Il giorno dechinava, venne sera, di poi si fece notte; e sotto quel folto padiglion di verzura, ove Pery dormiva come in un santuario, non un solo rumore rivelava quanto ivi accadeva.

Quando il primo riflesso del giorno tinse di porpora l’orizzonte, le foglie si aprirono, e Pery esausto di forze, vacillante, dimagrito, come fosse uscito da una lunga infermità, venne fuori dal suo nascondiglio.

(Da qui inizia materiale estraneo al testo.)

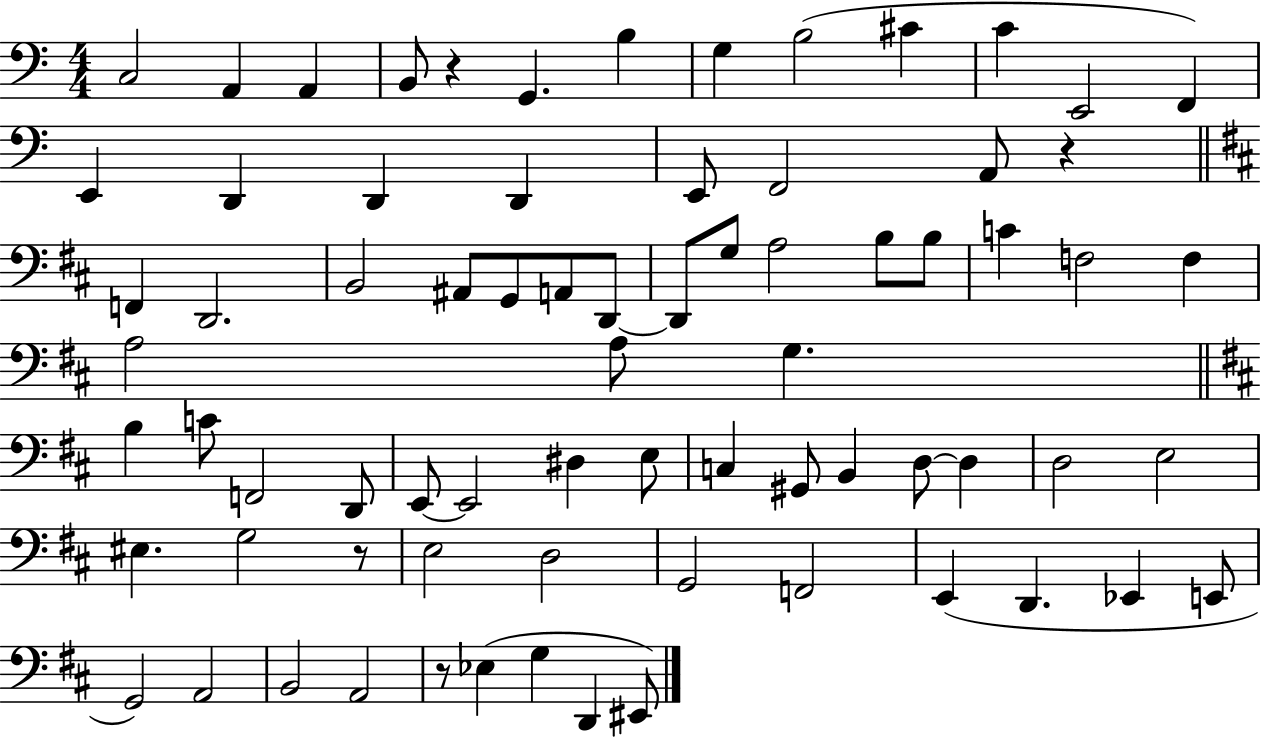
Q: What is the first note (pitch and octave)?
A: C3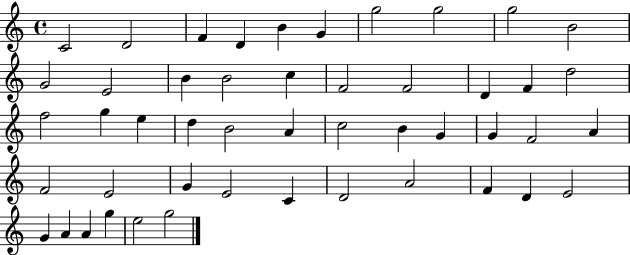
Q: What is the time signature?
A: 4/4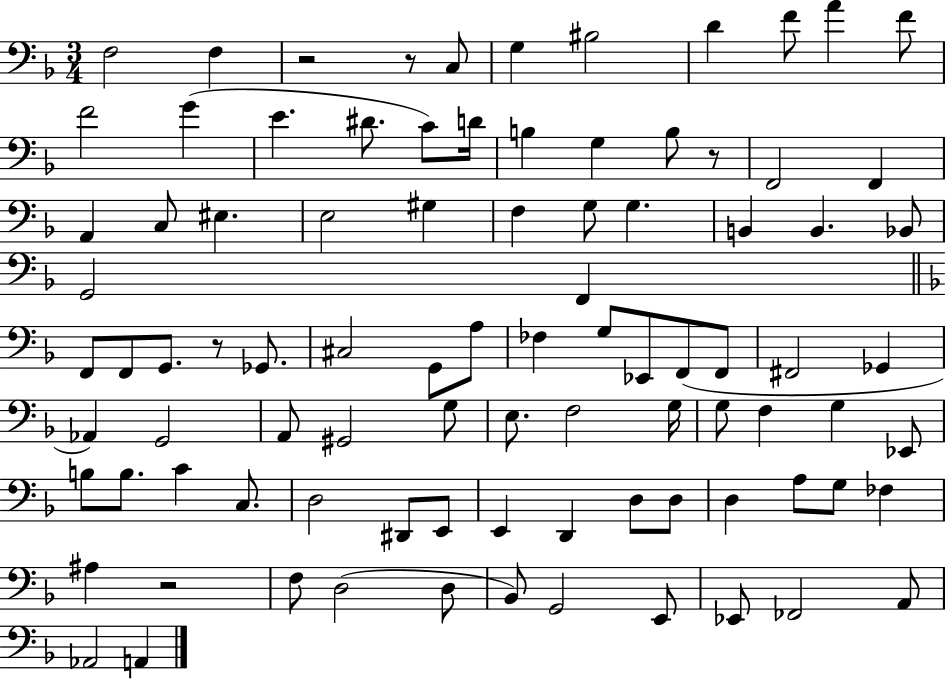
{
  \clef bass
  \numericTimeSignature
  \time 3/4
  \key f \major
  f2 f4 | r2 r8 c8 | g4 bis2 | d'4 f'8 a'4 f'8 | \break f'2 g'4( | e'4. dis'8. c'8) d'16 | b4 g4 b8 r8 | f,2 f,4 | \break a,4 c8 eis4. | e2 gis4 | f4 g8 g4. | b,4 b,4. bes,8 | \break g,2 f,4 | \bar "||" \break \key f \major f,8 f,8 g,8. r8 ges,8. | cis2 g,8 a8 | fes4 g8 ees,8 f,8( f,8 | fis,2 ges,4 | \break aes,4) g,2 | a,8 gis,2 g8 | e8. f2 g16 | g8 f4 g4 ees,8 | \break b8 b8. c'4 c8. | d2 dis,8 e,8 | e,4 d,4 d8 d8 | d4 a8 g8 fes4 | \break ais4 r2 | f8 d2( d8 | bes,8) g,2 e,8 | ees,8 fes,2 a,8 | \break aes,2 a,4 | \bar "|."
}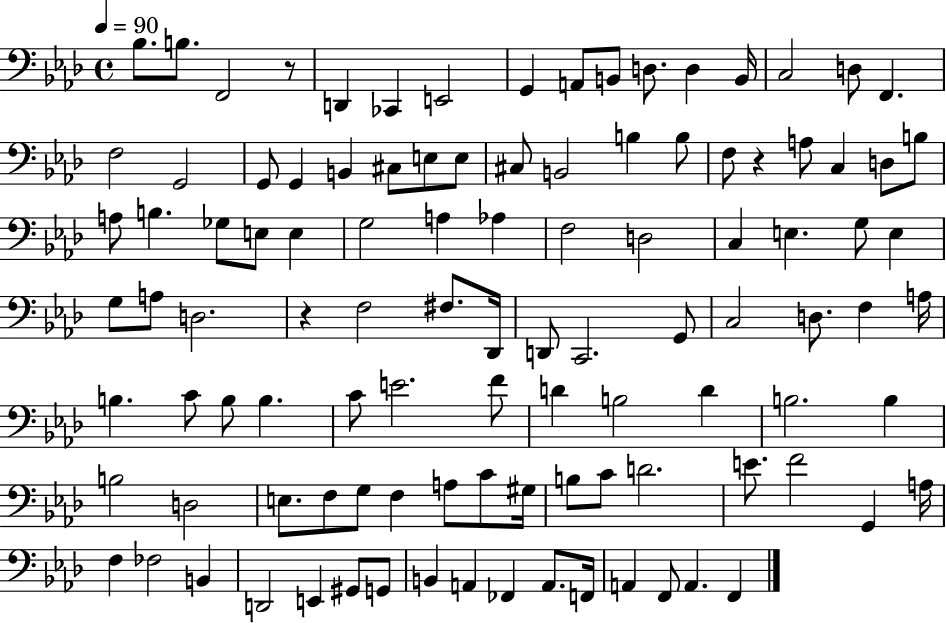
X:1
T:Untitled
M:4/4
L:1/4
K:Ab
_B,/2 B,/2 F,,2 z/2 D,, _C,, E,,2 G,, A,,/2 B,,/2 D,/2 D, B,,/4 C,2 D,/2 F,, F,2 G,,2 G,,/2 G,, B,, ^C,/2 E,/2 E,/2 ^C,/2 B,,2 B, B,/2 F,/2 z A,/2 C, D,/2 B,/2 A,/2 B, _G,/2 E,/2 E, G,2 A, _A, F,2 D,2 C, E, G,/2 E, G,/2 A,/2 D,2 z F,2 ^F,/2 _D,,/4 D,,/2 C,,2 G,,/2 C,2 D,/2 F, A,/4 B, C/2 B,/2 B, C/2 E2 F/2 D B,2 D B,2 B, B,2 D,2 E,/2 F,/2 G,/2 F, A,/2 C/2 ^G,/4 B,/2 C/2 D2 E/2 F2 G,, A,/4 F, _F,2 B,, D,,2 E,, ^G,,/2 G,,/2 B,, A,, _F,, A,,/2 F,,/4 A,, F,,/2 A,, F,,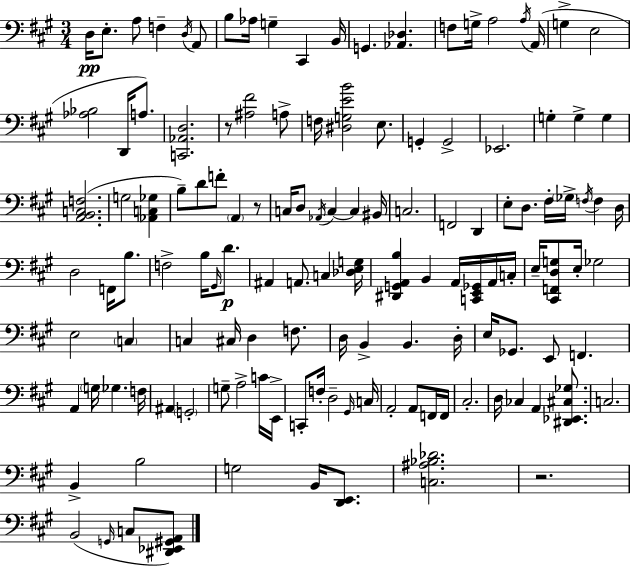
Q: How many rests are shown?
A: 3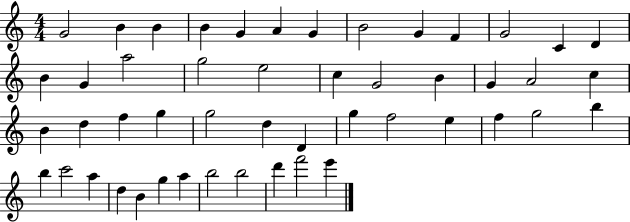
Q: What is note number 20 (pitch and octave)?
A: G4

Mal potea sostenersi, e per camminare era obbligato a sorreggersi alle piante che incontrava nel suo passaggio: in questo modo avanzò per la foresta, e colse alcuni frutti che gli restituirono alquanto di forza.

Giunto in riva al fiume, Pery già sentiva rinascere il vigore, e il calore avvivargli il corpo intorpidito; entrò nell’acqua e vi s’immerse.

Quando tornò alla sponda, era già altr’uomo; una riazione era accaduta in lui; le sue membra aveano ricuperata l’elasticità naturale; il sangue scorreva liberamente nelle sue vene.

Allora pensò a racquistare le forze perdute, e tutto quanto la foresta offriagli di saporoso e di nutriente servì a quel banchetto della vita, ove il selvaggio festeggiava la sua vittoria sulla morte e sul veleno.